_Instructions for the task_
The following data has a line with "Appartamento fronte mare" and a line with "su segunda anotación.". Write out exactly those lines and all the lines between them.

_Data provided_
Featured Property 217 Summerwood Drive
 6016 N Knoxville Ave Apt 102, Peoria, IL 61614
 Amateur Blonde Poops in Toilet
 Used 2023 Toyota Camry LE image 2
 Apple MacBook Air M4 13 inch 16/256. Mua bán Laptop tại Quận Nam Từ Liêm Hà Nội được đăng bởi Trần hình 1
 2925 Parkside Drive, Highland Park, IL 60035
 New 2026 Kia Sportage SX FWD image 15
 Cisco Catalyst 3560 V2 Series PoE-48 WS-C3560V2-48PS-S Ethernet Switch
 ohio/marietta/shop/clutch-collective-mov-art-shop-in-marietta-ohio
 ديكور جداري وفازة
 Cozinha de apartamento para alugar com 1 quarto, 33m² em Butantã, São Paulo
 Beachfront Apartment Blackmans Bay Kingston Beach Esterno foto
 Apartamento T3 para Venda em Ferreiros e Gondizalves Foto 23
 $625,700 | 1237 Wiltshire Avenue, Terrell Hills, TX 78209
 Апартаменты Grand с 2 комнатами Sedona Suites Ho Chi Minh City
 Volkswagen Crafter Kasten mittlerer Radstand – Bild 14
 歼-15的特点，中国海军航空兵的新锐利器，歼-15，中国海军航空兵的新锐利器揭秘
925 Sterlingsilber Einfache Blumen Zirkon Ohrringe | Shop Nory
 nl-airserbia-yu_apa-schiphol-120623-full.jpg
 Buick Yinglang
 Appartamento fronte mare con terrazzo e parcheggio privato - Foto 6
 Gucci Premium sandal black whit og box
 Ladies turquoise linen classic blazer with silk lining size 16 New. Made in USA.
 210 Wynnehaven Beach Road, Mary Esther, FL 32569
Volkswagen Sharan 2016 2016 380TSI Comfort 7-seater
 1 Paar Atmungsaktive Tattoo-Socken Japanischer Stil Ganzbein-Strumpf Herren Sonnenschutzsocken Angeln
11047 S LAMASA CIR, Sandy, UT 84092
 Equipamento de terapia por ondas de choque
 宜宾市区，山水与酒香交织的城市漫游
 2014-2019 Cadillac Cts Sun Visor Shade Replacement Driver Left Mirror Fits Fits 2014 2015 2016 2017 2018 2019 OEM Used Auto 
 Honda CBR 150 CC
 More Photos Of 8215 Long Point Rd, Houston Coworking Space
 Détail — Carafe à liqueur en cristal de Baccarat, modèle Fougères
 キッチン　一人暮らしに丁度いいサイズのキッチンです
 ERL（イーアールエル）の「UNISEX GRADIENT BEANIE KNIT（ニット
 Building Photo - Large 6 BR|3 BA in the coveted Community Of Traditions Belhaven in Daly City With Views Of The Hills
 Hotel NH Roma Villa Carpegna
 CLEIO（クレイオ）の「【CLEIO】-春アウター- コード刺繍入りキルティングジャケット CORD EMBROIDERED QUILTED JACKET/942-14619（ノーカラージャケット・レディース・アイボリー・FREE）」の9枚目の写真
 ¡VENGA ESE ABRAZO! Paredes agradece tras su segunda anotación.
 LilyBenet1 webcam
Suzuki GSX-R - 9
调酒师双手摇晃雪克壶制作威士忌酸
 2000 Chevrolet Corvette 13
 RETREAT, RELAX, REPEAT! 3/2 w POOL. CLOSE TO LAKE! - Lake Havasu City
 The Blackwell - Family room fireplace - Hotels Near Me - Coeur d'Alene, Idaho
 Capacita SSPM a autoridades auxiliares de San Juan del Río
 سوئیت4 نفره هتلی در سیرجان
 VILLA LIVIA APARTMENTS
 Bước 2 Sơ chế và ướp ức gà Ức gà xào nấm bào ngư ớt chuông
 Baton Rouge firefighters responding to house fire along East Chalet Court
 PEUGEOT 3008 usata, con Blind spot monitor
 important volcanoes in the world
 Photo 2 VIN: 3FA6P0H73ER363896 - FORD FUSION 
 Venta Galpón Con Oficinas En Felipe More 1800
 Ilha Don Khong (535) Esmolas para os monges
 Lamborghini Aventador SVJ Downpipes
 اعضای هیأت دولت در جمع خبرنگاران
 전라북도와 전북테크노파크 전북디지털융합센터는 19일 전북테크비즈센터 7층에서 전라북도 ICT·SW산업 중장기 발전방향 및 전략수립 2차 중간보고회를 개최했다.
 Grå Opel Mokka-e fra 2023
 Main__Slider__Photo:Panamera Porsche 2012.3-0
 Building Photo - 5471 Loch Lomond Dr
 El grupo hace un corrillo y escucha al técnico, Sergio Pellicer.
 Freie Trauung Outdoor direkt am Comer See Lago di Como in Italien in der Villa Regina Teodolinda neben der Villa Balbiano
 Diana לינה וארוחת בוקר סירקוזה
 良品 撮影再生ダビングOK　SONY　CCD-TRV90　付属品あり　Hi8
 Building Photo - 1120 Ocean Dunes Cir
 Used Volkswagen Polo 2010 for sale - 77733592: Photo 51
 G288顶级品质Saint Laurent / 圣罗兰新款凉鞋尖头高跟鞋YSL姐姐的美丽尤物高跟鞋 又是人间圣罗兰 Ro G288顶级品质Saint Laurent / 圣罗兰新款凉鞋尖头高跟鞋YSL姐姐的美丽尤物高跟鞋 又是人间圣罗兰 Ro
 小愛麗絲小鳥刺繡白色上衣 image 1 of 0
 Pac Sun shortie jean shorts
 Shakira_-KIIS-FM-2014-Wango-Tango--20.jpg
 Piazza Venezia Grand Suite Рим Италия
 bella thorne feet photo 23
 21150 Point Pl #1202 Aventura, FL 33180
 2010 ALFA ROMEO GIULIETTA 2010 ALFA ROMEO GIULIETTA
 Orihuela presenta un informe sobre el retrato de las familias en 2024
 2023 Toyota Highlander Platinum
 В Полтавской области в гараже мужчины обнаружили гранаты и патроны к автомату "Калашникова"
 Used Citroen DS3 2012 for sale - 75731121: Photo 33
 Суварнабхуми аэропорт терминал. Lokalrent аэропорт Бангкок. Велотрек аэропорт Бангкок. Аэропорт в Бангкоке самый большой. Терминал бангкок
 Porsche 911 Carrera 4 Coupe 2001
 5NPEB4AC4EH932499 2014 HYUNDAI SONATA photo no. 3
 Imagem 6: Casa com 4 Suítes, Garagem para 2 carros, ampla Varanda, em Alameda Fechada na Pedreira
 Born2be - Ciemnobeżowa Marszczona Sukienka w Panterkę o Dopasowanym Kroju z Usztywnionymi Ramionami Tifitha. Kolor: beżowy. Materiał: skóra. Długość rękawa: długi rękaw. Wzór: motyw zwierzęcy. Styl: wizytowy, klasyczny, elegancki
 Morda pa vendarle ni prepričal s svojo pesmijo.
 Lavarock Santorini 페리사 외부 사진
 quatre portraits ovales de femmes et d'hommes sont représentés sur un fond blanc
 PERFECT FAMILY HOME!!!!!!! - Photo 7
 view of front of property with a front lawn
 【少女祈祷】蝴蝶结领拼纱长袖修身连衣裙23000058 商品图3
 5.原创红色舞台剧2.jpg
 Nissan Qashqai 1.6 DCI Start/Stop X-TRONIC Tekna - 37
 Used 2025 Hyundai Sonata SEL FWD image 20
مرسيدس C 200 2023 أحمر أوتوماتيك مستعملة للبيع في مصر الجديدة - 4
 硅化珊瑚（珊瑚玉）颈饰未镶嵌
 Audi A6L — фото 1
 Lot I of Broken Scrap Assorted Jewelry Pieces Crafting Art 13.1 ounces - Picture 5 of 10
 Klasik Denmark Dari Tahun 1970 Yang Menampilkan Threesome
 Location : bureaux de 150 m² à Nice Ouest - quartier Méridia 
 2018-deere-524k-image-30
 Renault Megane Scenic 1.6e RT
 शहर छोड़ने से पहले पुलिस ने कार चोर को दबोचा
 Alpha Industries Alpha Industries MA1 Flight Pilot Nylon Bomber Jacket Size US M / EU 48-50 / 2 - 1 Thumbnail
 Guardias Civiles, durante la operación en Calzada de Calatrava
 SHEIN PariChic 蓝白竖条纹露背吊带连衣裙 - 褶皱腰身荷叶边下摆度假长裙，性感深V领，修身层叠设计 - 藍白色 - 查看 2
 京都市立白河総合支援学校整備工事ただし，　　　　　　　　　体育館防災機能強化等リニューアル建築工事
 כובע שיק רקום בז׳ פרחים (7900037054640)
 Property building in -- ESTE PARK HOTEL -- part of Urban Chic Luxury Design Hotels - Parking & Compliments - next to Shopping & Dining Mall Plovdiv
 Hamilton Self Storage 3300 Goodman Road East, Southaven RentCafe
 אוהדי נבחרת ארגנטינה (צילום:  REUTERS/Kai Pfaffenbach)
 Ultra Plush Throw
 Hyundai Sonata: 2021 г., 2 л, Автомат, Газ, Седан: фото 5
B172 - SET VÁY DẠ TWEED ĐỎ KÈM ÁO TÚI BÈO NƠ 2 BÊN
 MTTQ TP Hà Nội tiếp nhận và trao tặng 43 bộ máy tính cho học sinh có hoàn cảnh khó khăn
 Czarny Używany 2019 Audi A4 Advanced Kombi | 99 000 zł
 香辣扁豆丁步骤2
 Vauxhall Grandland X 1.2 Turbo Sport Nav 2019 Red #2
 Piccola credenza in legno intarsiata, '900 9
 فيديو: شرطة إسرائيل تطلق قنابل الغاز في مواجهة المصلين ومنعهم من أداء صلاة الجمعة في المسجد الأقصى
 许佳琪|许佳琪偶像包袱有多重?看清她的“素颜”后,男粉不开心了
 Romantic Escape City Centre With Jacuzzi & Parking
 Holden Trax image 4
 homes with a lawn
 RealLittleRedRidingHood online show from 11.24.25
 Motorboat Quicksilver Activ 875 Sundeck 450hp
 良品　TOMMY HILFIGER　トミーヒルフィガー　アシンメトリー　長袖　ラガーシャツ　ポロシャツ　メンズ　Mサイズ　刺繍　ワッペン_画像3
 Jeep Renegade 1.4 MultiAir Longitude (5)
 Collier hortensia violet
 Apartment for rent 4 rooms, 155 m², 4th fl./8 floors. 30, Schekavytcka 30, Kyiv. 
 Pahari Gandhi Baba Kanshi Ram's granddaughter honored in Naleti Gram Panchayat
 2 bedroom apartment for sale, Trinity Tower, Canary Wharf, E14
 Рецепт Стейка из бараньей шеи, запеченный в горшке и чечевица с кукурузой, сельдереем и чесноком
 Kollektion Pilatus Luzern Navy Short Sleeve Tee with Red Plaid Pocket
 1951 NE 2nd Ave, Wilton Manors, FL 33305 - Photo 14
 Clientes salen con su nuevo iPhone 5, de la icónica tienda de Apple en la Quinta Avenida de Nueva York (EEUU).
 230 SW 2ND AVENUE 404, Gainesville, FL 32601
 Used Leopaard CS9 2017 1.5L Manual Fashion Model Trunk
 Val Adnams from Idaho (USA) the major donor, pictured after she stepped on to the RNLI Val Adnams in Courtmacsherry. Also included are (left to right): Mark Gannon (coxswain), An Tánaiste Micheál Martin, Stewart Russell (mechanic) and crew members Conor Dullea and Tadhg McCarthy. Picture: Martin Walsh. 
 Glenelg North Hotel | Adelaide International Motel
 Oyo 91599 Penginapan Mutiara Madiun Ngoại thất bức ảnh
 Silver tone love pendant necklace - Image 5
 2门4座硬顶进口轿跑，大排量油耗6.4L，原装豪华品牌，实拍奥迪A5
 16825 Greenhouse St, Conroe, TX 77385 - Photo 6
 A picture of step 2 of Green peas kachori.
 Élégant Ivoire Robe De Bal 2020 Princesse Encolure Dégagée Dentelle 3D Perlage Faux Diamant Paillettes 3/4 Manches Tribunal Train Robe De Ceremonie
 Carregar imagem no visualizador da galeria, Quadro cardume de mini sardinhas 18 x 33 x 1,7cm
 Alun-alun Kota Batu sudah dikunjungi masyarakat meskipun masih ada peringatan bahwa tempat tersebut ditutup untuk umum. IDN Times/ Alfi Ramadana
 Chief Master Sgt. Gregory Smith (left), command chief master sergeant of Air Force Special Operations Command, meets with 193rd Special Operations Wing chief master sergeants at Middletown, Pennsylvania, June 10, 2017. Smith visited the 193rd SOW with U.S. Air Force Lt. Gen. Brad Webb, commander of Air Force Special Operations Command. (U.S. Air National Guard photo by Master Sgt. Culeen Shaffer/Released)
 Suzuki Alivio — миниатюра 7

_The completed task_
 Appartamento fronte mare con terrazzo e parcheggio privato - Foto 6
 Gucci Premium sandal black whit og box
 Ladies turquoise linen classic blazer with silk lining size 16 New. Made in USA.
 210 Wynnehaven Beach Road, Mary Esther, FL 32569
Volkswagen Sharan 2016 2016 380TSI Comfort 7-seater
 1 Paar Atmungsaktive Tattoo-Socken Japanischer Stil Ganzbein-Strumpf Herren Sonnenschutzsocken Angeln
11047 S LAMASA CIR, Sandy, UT 84092
 Equipamento de terapia por ondas de choque
 宜宾市区，山水与酒香交织的城市漫游
 2014-2019 Cadillac Cts Sun Visor Shade Replacement Driver Left Mirror Fits Fits 2014 2015 2016 2017 2018 2019 OEM Used Auto 
 Honda CBR 150 CC
 More Photos Of 8215 Long Point Rd, Houston Coworking Space
 Détail — Carafe à liqueur en cristal de Baccarat, modèle Fougères
 キッチン　一人暮らしに丁度いいサイズのキッチンです
 ERL（イーアールエル）の「UNISEX GRADIENT BEANIE KNIT（ニット
 Building Photo - Large 6 BR|3 BA in the coveted Community Of Traditions Belhaven in Daly City With Views Of The Hills
 Hotel NH Roma Villa Carpegna
 CLEIO（クレイオ）の「【CLEIO】-春アウター- コード刺繍入りキルティングジャケット CORD EMBROIDERED QUILTED JACKET/942-14619（ノーカラージャケット・レディース・アイボリー・FREE）」の9枚目の写真
 ¡VENGA ESE ABRAZO! Paredes agradece tras su segunda anotación.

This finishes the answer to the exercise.